The hardest part for analysts is reading across from the Inflation
Report projections to MPC policy. In October, the MPC sanctioned far
less QE than its central projections in November implied and in the
first wave of QE sanctioned a final Stg25 billion when on unchanged
policy CPI was expected to overshoot target.
Bank of England Governor Mervyn King’s open letter published
Tuesday reaffirmed the MPC’s view that inflation is heading down, but
there was little precision in his wording.
“The Committee’s best collective judgement is that inflation will
fall back sharply in the next six months or so, and continue falling
thereafter to around target by the end of next year,” he said.
That wording was very similar to that used in his open letter back
in November
“Inflation will fall back sharply in the next six months or so, and
continue falling thereafter to around target by the end of next year,”
the November letter said.
The November Inflation Report showed King’s use of “around target”
is fairly loose.
The November reports’ central, modal projection showed CPI falling
to 1.72% by the fourth quarter of 2012 before hitting a trough at 1.21%
in Q2 2013 and edging up to just 1.27% two years ahead.

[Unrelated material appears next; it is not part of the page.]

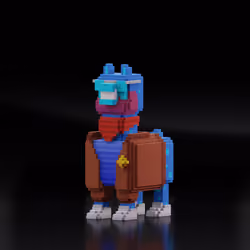 ALPACADABRA 3D #13735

That was a
record projected undershoot, raising questions over why the MPC’s policy
stance was not looser.
This time around analysts expect the two year ahead forecast to
again be below target, but substantially higher than November’s 1.27%.
On the November projection, CPI two years out from February nudges up to
1.32% and is shown on a gently upward sloping path.

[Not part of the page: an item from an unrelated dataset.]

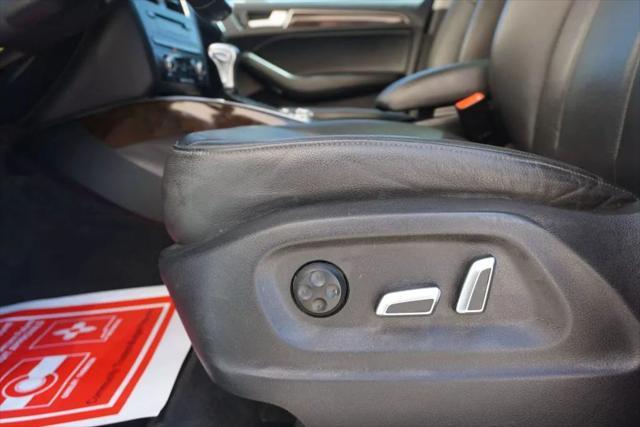 used 2013 Audi Q5 car, priced at $9,984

Since November, the MPC has sanctioned another Stg50 billion of QE.
A BOE working paper, published in January, ran a range of models on the
impact of QE and said its preferred average estimates showed that the
first Stg200 billion of QE, at peak, added 1.25 percentage points to
CPI.
Using that assumption as a ready reckoner entails the extra Stg50
billion of QE would add 0.31 percentage points to CPI. That alone would
push the central projection up to just above 1.6% two years ahead, if
nothing else changed.
MPC members, however, believe that things have improved since the
MPC first sanctioned QE in October and since the November Inflation
Report.
MPC member Adam Posen told reporters back on January 23 that “there
are four material ways in which, at least, downside risks have been
materially reduced.”
The first two of these were the MPC’s decision to sanction more QE
and the European Central Bank’s Long Term Repo Operation which “may not
solve everything but it certainly removes for a reasonable length of
time some of the downside risks and makes things better.”
The third improvement Posen cited was the clear pick-up in overseas
economies.
“There has been genuine upside news, or at least the
potential for upside news, in places outside of Europe and the UK,
particularly the US, and in terms of how smoothly the China economy is
slowing down,” he said.
His fourth improvement, linked to the ECB’s LTRO actions, was that
bank funding markets are no longer frozen.

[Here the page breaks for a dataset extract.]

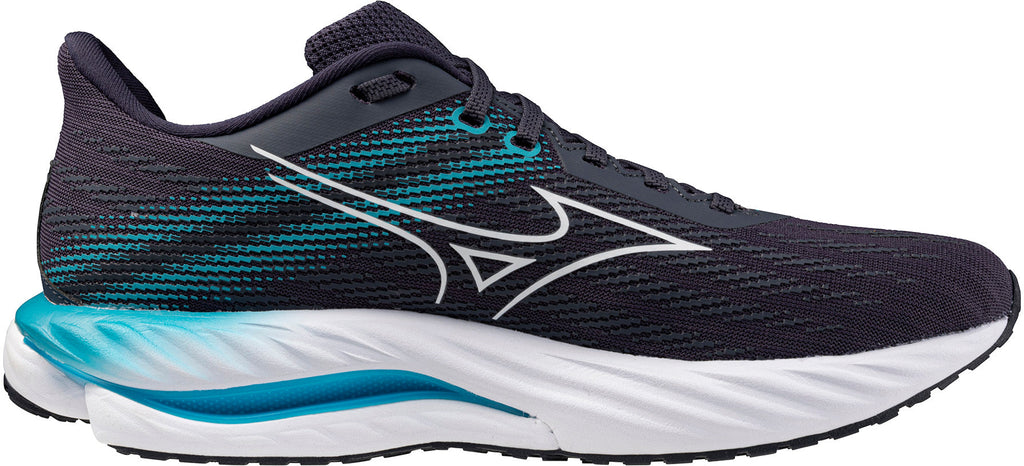 Men's Wave Inspire 21 Road Running Shoes - Grey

The overall impact of these improvements is not, however, likely to
amount to much on the central growth and inflation projections.
Some of the more extreme risks emanating from the Eurozone,
including a banking sector funding lock-up, were excluded from
November’s central forecast and with the BOE set to adopt the same
approach in February, the diminution of these risks won’t impact the
central projections.
George Buckley, economist at Deutsche Bank, says he expects the BOE
to raise its CPI forecast by some 0.2 percentage point at trough and by
0.3 percentage point at the two year horizon. This would reflect the
impact of QE without significant change to the other inflation numbers.
Buckley notes that the latest inflation data show CPI declining as
the BOE expected, and arguably even better when seasonal factors are
considered, so there is no pressure on the MPC to alter its thinking.
The BOE’s 2012 November growth forecast is well above consensus,
but the improvement in the global economy and the strong January
activity data may prevent it from being cut much, it at all.
The November projection was for 0.9% growth this year, with flat
growth in both Q4 last year and Q1 this.
“There have been a couple of things that have changed the outlook:
the ECB stuff, the reaction to it in markets, but as far as growth in Q4
and Q1 is concerned, that is the near term picture, I don’t think much
has changed since November,” MPC member Ben Broadbent said in a Jan 19
interview with Market News.
The average independent forecast for 2012 growth in the Treasury’s
survey is just 0.4%, with the OECD forecasting just 0.5%.
The MPC, however, takes a robustly independent view and in the past
has shown a willingness to stick to well above consensus numbers.